The PPWW Framework provides a detailed overview of the different layers and the components within each layer that can influence people-park relationships. Four layers are set out, namely ‘External context’, ‘Stakeholders’, ‘Community beneficiation’ and ‘Outputs’ and each contain their own components. To demonstrate validity and reliability, four tables accompany the discussion to review the origin of each component and layer. The PPWW Framework can be used by stakeholders involved in the relationships between people and parks, as a practical tool to facilitate win-win situations for both communities and biodiversity conservation.

By representing multiple influences on this relationships between people and parks, the PPWW can assist in shaping protected area management strategies for varying people-park arrangements, ranging from benefit-sharing only to true co-management. The PPWW components neither operate in isolation nor as a complete package. It depends on the context of each protected area and its adjacent or resident community. Stakeholders (often from trans-disciplines) should adapt it to their own context, taking cognisance that all these components can impact the relationships between people and parks. Stakeholders also need to be aware that these relationships are complex and no single framework will entirely capture all impacting components.

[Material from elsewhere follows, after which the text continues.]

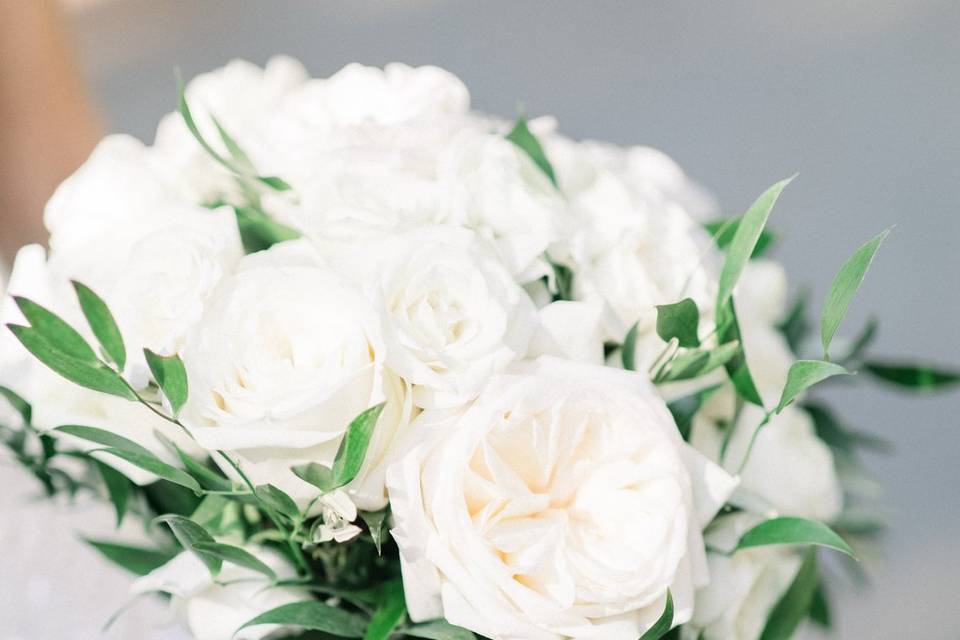 A classic white bouquet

The PPWW is a significant departure from other schemata for the following reasons:

  • It is specific to the components that emerged in this research via primary and secondary research.
  • Its arrangement and the detailed focus on beneficiation (and principles to follow in benefit distribution) is novel.
  • The PPWW incorporates multiple stakeholders and indicates that all can be involved in beneficiation with these relationships affecting the achievement of a win-win scenario.
  • As the characteristics of the stakeholders have considerable influence, they are included.
  • It concludes with an ‘Outputs’ layer, which suggests that preceding layers and components can culminate in the provision of benefits by stakeholders and represents the results this can have on community members – potentially leading to pro-conservation attitudes and behaviours and ultimately to a successful relationships between people and park. Moreover, what takes place in this final layer can feed back into preceding layers, creating a positive cycle.
  • Finally, the centrality of relationships in the framework differentiates it from other schemata. While relationships are inherent in some of the linkages represented in the schemata that focus on both the community and the conservation area, only Mutanga et al. (2015a) include the word ‘relationships’ within their framework, while Ross and Wall (1999) used it in the title of their framework. Furthermore, the current framework is different in showing that all layers and components influence relationships.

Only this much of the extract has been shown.